De mars à mai, le niveau atteint son minimum. L'eau douce se raréfie, rendant l'irrigation plus exigeante pour les périmètres agricoles aménagés. Les habitants de Podor vivent ainsi dans un équilibre permanent entre la rareté de l'eau en saison sèche et la menace des débordements quand la crue s'installe à la fin de l'hivernage.

Podor en quelques faits

  • Podor est la ville la plus septentrionale du Sénégal.
  • Elle est bâtie sur le fleuve, face à l'île à Morphil.
  • Son quai aligne les bâtiments des anciens comptoirs.
  • La ville est à environ 345 km à vol d'oiseau de Dakar.

Podor est le point le plus au nord du Sénégal. La ville regarde le fleuve, en face de l’île à Morphil, cette longue langue de terre prise entre deux bras d’eau. Le quai, bordé par les bâtiments des anciens comptoirs, rappelle l’époque où le commerce remontait le cours d’eau.

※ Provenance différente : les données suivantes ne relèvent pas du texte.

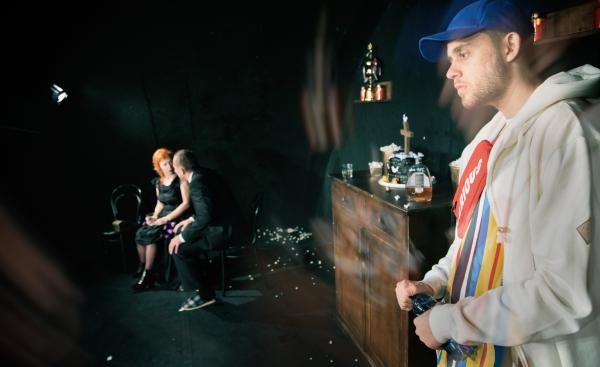 TRHNI SI, OTČE! - fotky z inscenace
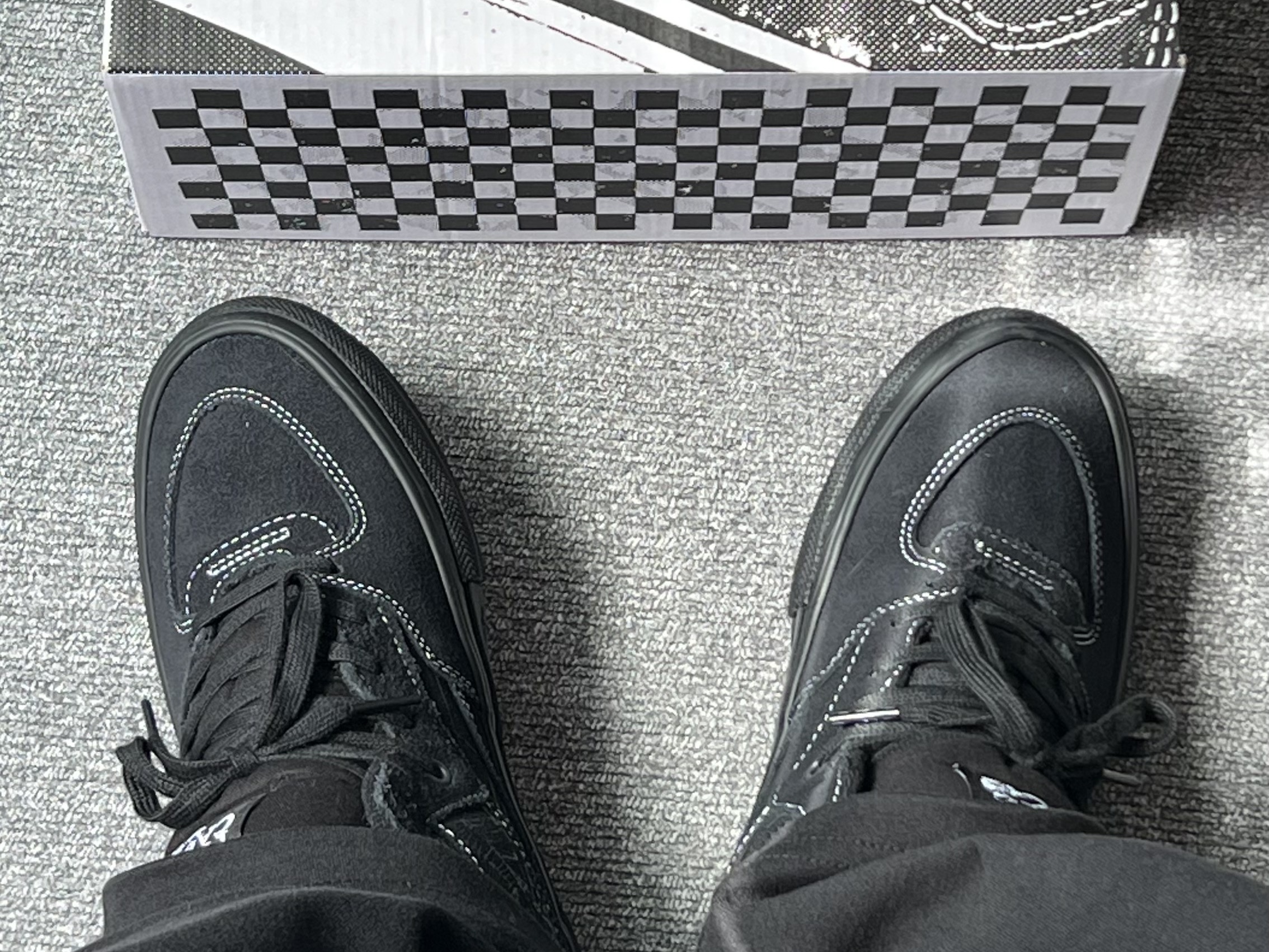 Vans Skate Half Cab Charcoal 착용 스타일 - 1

Être au nord se paie sur le calendrier des saisons. L’hivernage y arrive plus tard qu’ailleurs et repart plus tôt : la fenêtre utile pour semer se compte en semaines, pas en mois. Le reste de l’année, l’air vient du continent. De mars à juin, la chaleur s’installe sans partage et le ciel prend souvent la teinte blanche de la poussière portée par l’harmattan.

Le fleuve compense en partie ce que le ciel ne donne pas : jardins de berge, cultures irriguées, petit élevage. Les habitants suivent autant la cote de l’eau que le bulletin. Station de référence : Podor aéroport.

Questions fréquentes

Que mesure exactement le niveau du fleuve ?

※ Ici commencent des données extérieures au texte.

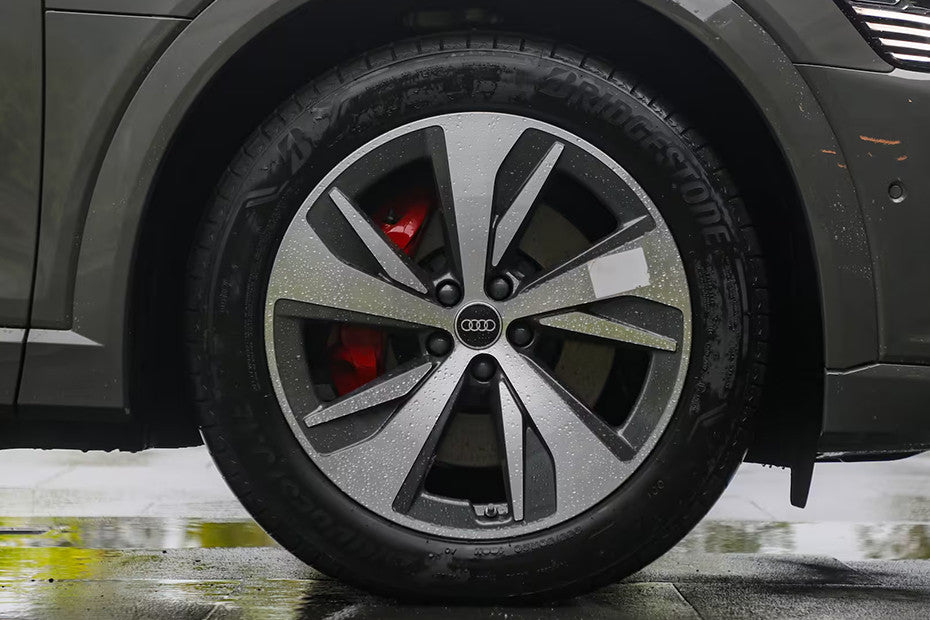 Audi Q8 Sportback e-tron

Une échelle fixe est plantée sur la berge. Le niveau lu est la distance entre la surface de l'eau et un zéro de référence choisi une fois pour toutes à cet endroit. Ce n'est pas la profondeur du fleuve, et ce n'est pas non plus un débit. Chaque station a son propre zéro, décidé par les hydrologues au moment de son installation.

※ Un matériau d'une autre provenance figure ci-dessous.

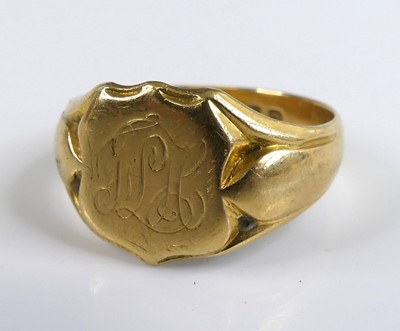 Lot 2121 - A gent's 18ct gold signet ring, monogrammed to...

Peut-on comparer la cote de deux villes du fleuve ?

Non, pas directement. Comme chaque station a son zéro de référence, deux chiffres bruts ne se comparent pas. Ce qui se compare, c'est l'écart de chaque station à son propre seuil, et le sens de la tendance. Une ville peut afficher un chiffre plus fort qu'une autre tout en restant beaucoup plus loin de son seuil d'alerte.

Pourquoi le fleuve monte-t-il alors qu'il ne pleut pas ici ?

Parce que l'eau vient d'ailleurs. L'essentiel de la crue est alimenté par les pluies tombées loin en amont, dans le haut bassin. Cette eau met plusieurs jours à descendre. Le ciel peut donc rester dégagé sur la vallée pendant que la cote grimpe. C'est la règle, pas l'exception.

À quel moment de l'année la crue est-elle la plus forte ?

Elle monte à partir du mois d'août, culmine en général en septembre ou en octobre, puis décroît lentement pendant des semaines. La décrue est toujours plus longue que la montée. Le maximum n'arrive pas le même jour partout : il descend d'amont en aval, de Bakel vers Matam puis vers Podor.

Franchir le seuil d'alerte, est-ce une inondation ?

Pas automatiquement. Le seuil de 5,0 m est un signal de surveillance, pas une catastrophe déclarée. Il indique le niveau à partir duquel l'eau commence à sortir du lit et à gagner les terres basses. Les décisions d'alerte et d'évacuation appartiennent aux services hydrologiques et à la protection civile.

La crue est-elle une mauvaise nouvelle ?

Non. Elle est le calendrier agricole de la vallée. En se retirant, elle laisse des terres gorgées d'eau où l'on sème sans irriguer, remplit les mares qui abreuvent le bétail et régénère les pâturages. Une crue trop faible pose autant de problèmes qu'une crue forte, pour d'autres personnes.

Que regarder en premier sur cette page ?

La tendance hausse, avant le chiffre. Un niveau élevé qui baisse est un niveau qui s'oublie. Un niveau moyen qui monte chaque jour mérite votre attention. Ensuite seulement, mesurez l'écart entre 3,48 m et le seuil de la station.

Comment se comporte la crue fleuve senegal à Podor ?

La crue du fleuve Sénégal atteint Podor principalement entre fin août et octobre. Elle est provoquée par les fortes pluies tombées très en amont, en Guinée et au Mali. Le niveau monte régulièrement pendant plusieurs semaines, inondant les plaines alluviales avant d'amorcer sa lente décrue à partir de novembre.